EXERCISE DETAILS
Leaving the images behind, copy every line of the records exactly.

**********

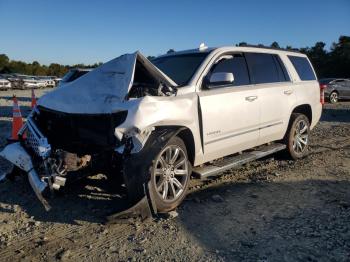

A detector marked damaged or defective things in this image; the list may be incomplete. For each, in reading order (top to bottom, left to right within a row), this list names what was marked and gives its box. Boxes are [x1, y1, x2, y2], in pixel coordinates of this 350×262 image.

crumpled hood [37, 51, 178, 113]
detached bumper [0, 142, 50, 210]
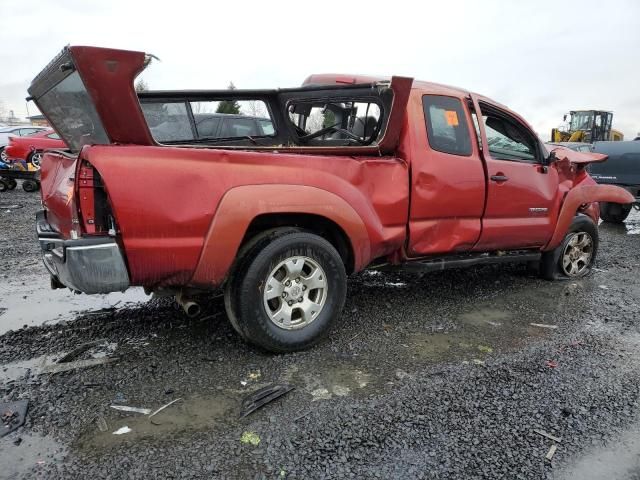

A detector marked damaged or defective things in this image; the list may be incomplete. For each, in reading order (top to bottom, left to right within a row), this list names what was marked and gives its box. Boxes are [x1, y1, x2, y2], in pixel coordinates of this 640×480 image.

crumpled rear fender [190, 185, 370, 286]
damaged truck bed [26, 45, 636, 352]
crumpled rear fender [544, 185, 636, 251]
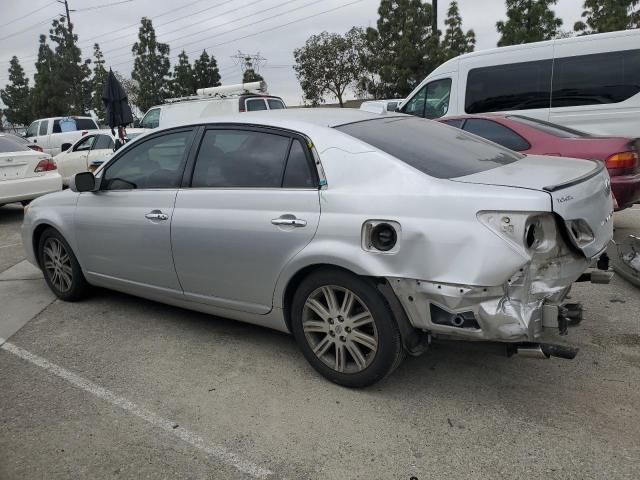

**********

PROBLEM SOLUTION
A detector marked damaged or defective things in this image; the list may be incomplete. For each, in reading order (top to bottom, left to right within a row), this list names what was marked and gives its box. Boxes are [x1, y1, x2, y2], in pixel coordinates of this 350×262 image.

crumpled hood [37, 51, 178, 113]
detached bumper [0, 142, 50, 210]

A detector marked damaged or defective things in this image; the list may be incomplete. For each, in reading order (top to bottom, left to right within a row), this list names what was marked and gives its box. Boxes are [x1, y1, x2, y2], in pixel coordinates of this 640×480 image.

crumpled rear fender [190, 185, 370, 286]
damaged truck bed [26, 45, 636, 352]
crumpled rear fender [544, 185, 636, 251]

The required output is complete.